WORK REQUIRED —
Go through the listing below and gather every line with the word "hair".
*** RECORDS FOR THE TASK ***
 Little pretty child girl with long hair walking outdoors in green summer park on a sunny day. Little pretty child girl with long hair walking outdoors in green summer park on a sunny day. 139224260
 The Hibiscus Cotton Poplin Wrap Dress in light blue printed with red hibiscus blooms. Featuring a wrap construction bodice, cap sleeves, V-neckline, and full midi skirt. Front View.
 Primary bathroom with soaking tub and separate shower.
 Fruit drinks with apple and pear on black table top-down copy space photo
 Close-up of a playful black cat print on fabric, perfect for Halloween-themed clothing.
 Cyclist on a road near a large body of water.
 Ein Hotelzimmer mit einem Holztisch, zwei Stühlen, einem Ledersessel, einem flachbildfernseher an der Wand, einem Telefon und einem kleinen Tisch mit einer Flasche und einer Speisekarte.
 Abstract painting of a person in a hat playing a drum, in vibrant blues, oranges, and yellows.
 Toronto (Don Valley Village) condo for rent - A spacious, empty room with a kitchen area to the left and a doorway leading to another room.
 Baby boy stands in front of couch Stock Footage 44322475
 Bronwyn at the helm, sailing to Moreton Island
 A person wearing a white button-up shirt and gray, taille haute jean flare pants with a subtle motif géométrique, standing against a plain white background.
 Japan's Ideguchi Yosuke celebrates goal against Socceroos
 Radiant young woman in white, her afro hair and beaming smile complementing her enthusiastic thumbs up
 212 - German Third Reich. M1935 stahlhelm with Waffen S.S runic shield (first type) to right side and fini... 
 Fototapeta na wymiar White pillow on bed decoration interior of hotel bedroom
***
SOLUTION —
 Little pretty child girl with long hair walking outdoors in green summer park on a sunny day. Little pretty child girl with long hair walking outdoors in green summer park on a sunny day. 139224260
 Radiant young woman in white, her afro hair and beaming smile complementing her enthusiastic thumbs up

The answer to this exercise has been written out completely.